I have a planet circling an M-Class star (M3/M4). I'm trying to figure out what the effects of flaring on the planet's biosphere might be.
Background: As some of you may know, M-class stars are renowned for their vigorous and powerful flaring (CMEs). It's commonly assumed that this flaring would strip most planets within the habitable zone of their atmosphere, leaving a planet lifeless. However from pouring over research papers, I've come to the conclusion that planets orbiting older M-class stars, particularly of lower classes (M0, M1, M2, M3, M4) would likely experience vastly attenuated flare activity compared to their higher class or younger brethren.
So that offers me a window to create a world with a flourishing biosphere.
The part I'm having the most trouble with is...what will the remaining flare activity mean for life on the planet? The flares are less powerful, sure, but they still pack some degree of radiative wallop (UV, X-rays, etc.) that doesn't typically play nice with life or atmospheres.
My question in full: Given the level of flaring (see below) how much of an impact on the biosphere should I expect? Will the atmosphere suffer periodic damage in some form? Will this and other effects be enough to force adaptive measures during the strongest flares (behavior, anatomical, etc.)? What conditions might result from this flaring?

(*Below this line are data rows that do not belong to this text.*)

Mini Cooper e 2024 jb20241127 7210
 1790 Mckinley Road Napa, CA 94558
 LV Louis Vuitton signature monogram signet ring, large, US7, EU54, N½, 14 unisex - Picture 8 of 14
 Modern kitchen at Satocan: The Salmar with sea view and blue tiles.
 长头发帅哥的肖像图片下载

Details on Flaring/Star/Planet: My star is old. As M-class stars age their rate of rotation slows, inducing progressively weaker magnetic fields which gradually attenuates their flare activity. However, like other M-class stars of this kind, that doesn't mean it has zero flare activity. Far from it. Based on astrophysics papers I've scrounged through, it seems such stars can maintain a reasonable level of flare activity for many giga years. We have flare data for star GJ 4083, so using that as a model for my system and referencing several sources, I've gathered the following data (correct me if I go astray):
First off my planet is generally Earth like: oceans, continents, oxygen/nitrogen atmosphere, the whole shebang. The atmosphere is about 3 bar, and the mass (and hence gravity) somewhat lower. It has tectonics, a carbon cycle, and experiences substantial tidal heating. Magnetic field of my planet would be weak. In the range of 1/8 - 1/3 Earth's. My planet is not tidally locked, but instead in a 2:1 orbital resonance. So all points on the planet experience day/night.
Other specifics are probably not relevant to the question, so I'll leave them out.
Our Sun (for context)
A regular "big" flare on Sol (our sun) occurs once or twice every eleven year solar cycle. These might be
1E+32 Ekp(erg)* in power.
The 1859 Carrington Flare (one of the most powerful recorded flares from our sun) is estimated to to have been about
5.6E+32 Ekp(erg). That's 5.6x bigger than the solar cycle flare mentioned above, and might occur once-a-century or so.
The 774 A.D. Solar Flare (the largest known postulated flare from our sun) is estimated at perhaps
1.6E+34 Ekp(erg). That's 160x more powerful than the flares you normally see at the peak of the 11 year solar cycle for our sun. That might be a once-every-couple millennium flare. From what I've read this may have had appreciable effects on the biosphere, including acute ozone depletion.
GJ 4083 (My model star)
- Over a period of several years, the largest recorded flares from GJ 4083 were about
1.6E+31 Ekp(erg)and averaged about one every two months. At the distance my planet orbits my M-class star, that would yield a received flux about 4x more powerful than the 1859 Carrington flare.
- More frequently GJ 4083 will output flares all the way down to
5E+30 Ekp(erg), which occur about once a month. At the distance my planet orbits, this would yield a received flux slightly higher than the 1859 Carrington Flare.
- I would guess that GJ 4083 (and my fictional star based on it) emits smaller flares that happen more often (but we can't detect them), and much larger flares that happen at greater time spans. I wouldn't be surprised if GJ 4083 outputs a monster flare every couple centuries or millennia which would rival the 774 A.D. flare earth experienced. There simply isn't data to say one way or the other. If you need a solid answer, assume the star experiences more frequent minor flares and very infrequent super flares just as our sun does.
If it helps, feel free to postulate flare activity/strength somewhat less or greater than GJ 4083. That would certainly be within the realm of possibility.
Ekp (in erg) = Luminosity of the star in the Kepler bandpass, multiplied by its equivalent duration. Unit ergs.